# ..weekend coffee drinker



## Deswahriff (Mar 7, 2016)

Hi folks,

newbie here!..been browsing for a bit, this is a truly wonderful resource....!

...having "inherited" a Baby Gaggia from my son-in-law, I've been enjoying pretty decent home-made flat whites using quality pre-ground coffee, and am now keen to take the next step and start grinding my own beans.

I'm sure these sort of questions get asked all the time, so I won't be offended if no one replies - (apparently I need 5 posts to see the for-sales anyway!)

I'm really only a weekend coffee drinker and its generally just me, and very occasionally my wife, and can't justify spending hundreds of pounds on one of those nice grinders I see discussed here (though budget wise, I'd be prepared to pay around £200)....physical size is an issue too...

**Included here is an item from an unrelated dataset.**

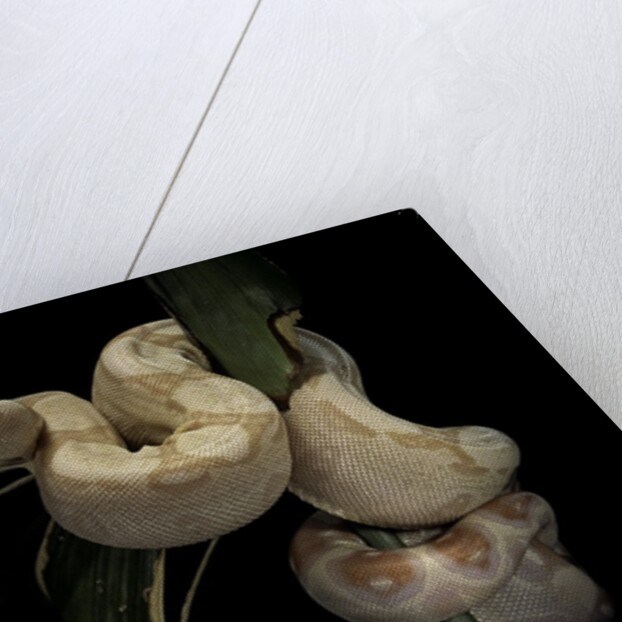 Boa constrictor f. albino by Anonymous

I'm probably answering my own question, but would you suggest a quality hand grinder is the way to go?

I'll pretty much only be looking for a fine espresso grind and would love to hear some recommendations.

cheers,

Des.


----------



## ajh101 (Dec 21, 2013)

Pre owned eureka mignon? I love mine...


----------



## Phil104 (Apr 15, 2014)

+1 for a pre-owned Mignon. In busy weeks when I'm not working at home, often I end up drinking coffee only at the weekend and my argument has been even if that's all I'm drinking, I want to make sure it's a drink that I can lovingly and carefully prepare and enjoy drinking - so an investment in decent kit is worth it.


----------



## jlarkin (Apr 26, 2015)

Hand grinding for espresso can be a little tiresome but it's feasible. I own a ROK espresso hand grinder which is intended for the purpose but as I "backed it" it took so long to come thought that I'd already moved on to capable electric grinders before it arrived. Anyway something like that or the Hausgrind/Lido E (espresso intended) or Lido 3 are all capable of doing the job but it'd annoy me a little too much to do it long term. That's horses for courses though.

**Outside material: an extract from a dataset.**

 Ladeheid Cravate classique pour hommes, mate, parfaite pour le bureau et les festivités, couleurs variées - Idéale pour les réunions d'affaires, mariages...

I think the mignon is very kitchen friendly and well thought of so a good bet, or something like the Baratza Preciso (I'm selling one atm) is also a relatively good option. That can also do filter type grind if you should so wish...


----------



## Deswahriff (Mar 7, 2016)

...I guess they must be good, don't see any on ebay!!


----------



## Deswahriff (Mar 7, 2016)

..incidentally, my son gave me an old charity shop grinder, ( the usual cheapo wooden box thing with big handle), and even though its a coarse grind ( and stupidly hard work!!), the difference in my cafetiere with beans over pre-ground was enough to convince me that grinding was the way to go!


----------



## Jumbo Ratty (Jan 12, 2015)

Deswahriff said:


> (apparently I need 5 posts to see the for-sales anyway!)
> 
> (though budget wise, I'd be prepared to pay around £200)....physical size is an issue too...


Hi there Des,

Realistically theres only one grinder the fulfills the criteria ,for-sale section means your open to 2nd hand, budget of £200, physical size, able to grind for espresso.

The Eureka Mignon

Ive got one and love it.


----------



## Deswahriff (Mar 7, 2016)

cheers, jlarkin....one more post and I can have a look at your Preciso ;-)


----------



## Deswahriff (Mar 7, 2016)

Jumbo Ratty said:


> Hi there Des,
> 
> Realistically theres only one grinder the fulfills the criteria ,for-sale section means your open to 2nd hand, budget of £200, physical size, able to grind for espresso.
> 
> ...


..seems to be a pattern emerging here!


----------



## johnealey (May 19, 2014)

Hi, if you looking to do both cafetiere and espresso then a mignon can be difficult to dial in back and forth, leading you back to a hand grinder if size is an issue. As well as the aforementioned lido 3/ e, feldgrind you might also find a pharos as a static option, bit more fiddly, but quality in the cup.

Hope of help

John


----------



## Kyle T (Jan 6, 2016)

Jumbo Ratty said:


> Hi there Des,
> 
> Realistically theres only one grinder the fulfills the criteria ,for-sale section means your open to 2nd hand, budget of £200, physical size, able to grind for espresso.
> 
> ...


I know a lot of people aren't too keen but he could actually buy a Sage Smart Grinder Pro which he could buy new for under £180 and they are also small and a bit more modern (if thats what OP is looking for).


----------



## Dan430 (Apr 29, 2016)

first Welcome to coffee forums!! for that price me too will go for preowned mignon. if you only do espresso, its good value for the money and if hand grinder for espresso you will give up at some point. altho i do have a ROK that works good for filter and cold brew and fresh beans espresso but as the beans age it can't go any finer.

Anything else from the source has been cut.